Allah’ın Nuru, Hz. Muhammed salla'llâhü aleyhi ve sellem ve İbİîsin Hakîkati
Hazırlayan:
Mesut SANDIKÇI
Aynülkudât
diğer temhîdlerden beri yapageldiği İslam ve İman’ın yeniden okunmasını onuncu
temhîd’de Allah’ın nurunu ve Hz. Muhammed salla'llâhü aleyhi ve sellemin,
iblîsin ve alemlerin nurunu açıklayarak noktalar.
Aynülkudât
ilk olarak “Allah yerin ve göğün nurudur.” âyetini ele alır. Aynülkudât mütekellimlerin
Allah’tan başkasına nur denilemeyeceğini söylemelerini tasdik eder. Ama burada
nurun gerçek anlamda Allah’a nispet edileceğini ama Allah dışındaki bir takım
şeylere de mecazi olarak nur nispet edilebileceğini ifade der. İmam Gazâlî de
Nur isminin ilk Nur’dan başkaları için sırf bir mecazdan ibaret olduğunu
söyler. Çünkü O’ndan başkaları zatları itibariyle dikkate alındıklarında kendi
zatları bakımından herhangi bir nura sahip olmayıp kendilerinin nuru ilk
Nur’dan aldıkları bir nurdur. Dolayısıyla kendi zatları gereği bu nura sahip
değillerdir ve bunlara izafe edilen nur mecâzidir.
Aynülkudât
güneşin, ayın, ateşin, cevherin nuru gibi birçok nurdan bahsedebileceğimizi
söyler.
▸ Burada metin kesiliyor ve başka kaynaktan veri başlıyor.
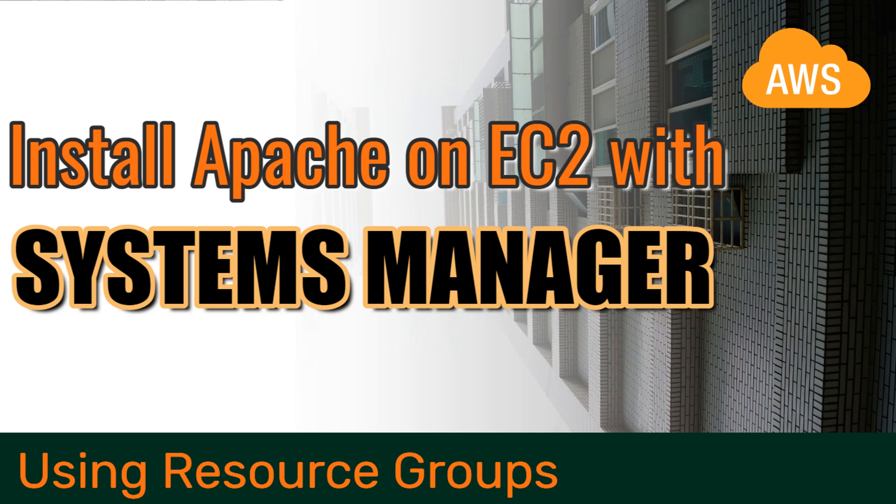Hi and welcome to Majestic.Cloud. My name is Laszlo and today I'm going to show you a quick demo on how to install Apache on EC2 with Systems Manager using resource groups.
Bunlardaki nur ile Allah’a izafe edilen nur farklıdır. Allah yerin ve
göğün nurudur sözü Allah’ın eşyayı var kılması anlamındadır. Bütün mevcudatın
yokluktan varlık âlemine gelmesi bu nur ile mümkün oldu. Aynülkudât Allah’ın
nurunu araz gibi düşünebileceğimizi söyler. Nasıl ki arazın var olması bir
cevhere bağlıdır aynı şekilde Allah’ı da bir cevher olarak alırsak araz da
O’nun nuru olacaktır. Allah’ın cevher olması kendi zatıyla kaim olduğu içindir.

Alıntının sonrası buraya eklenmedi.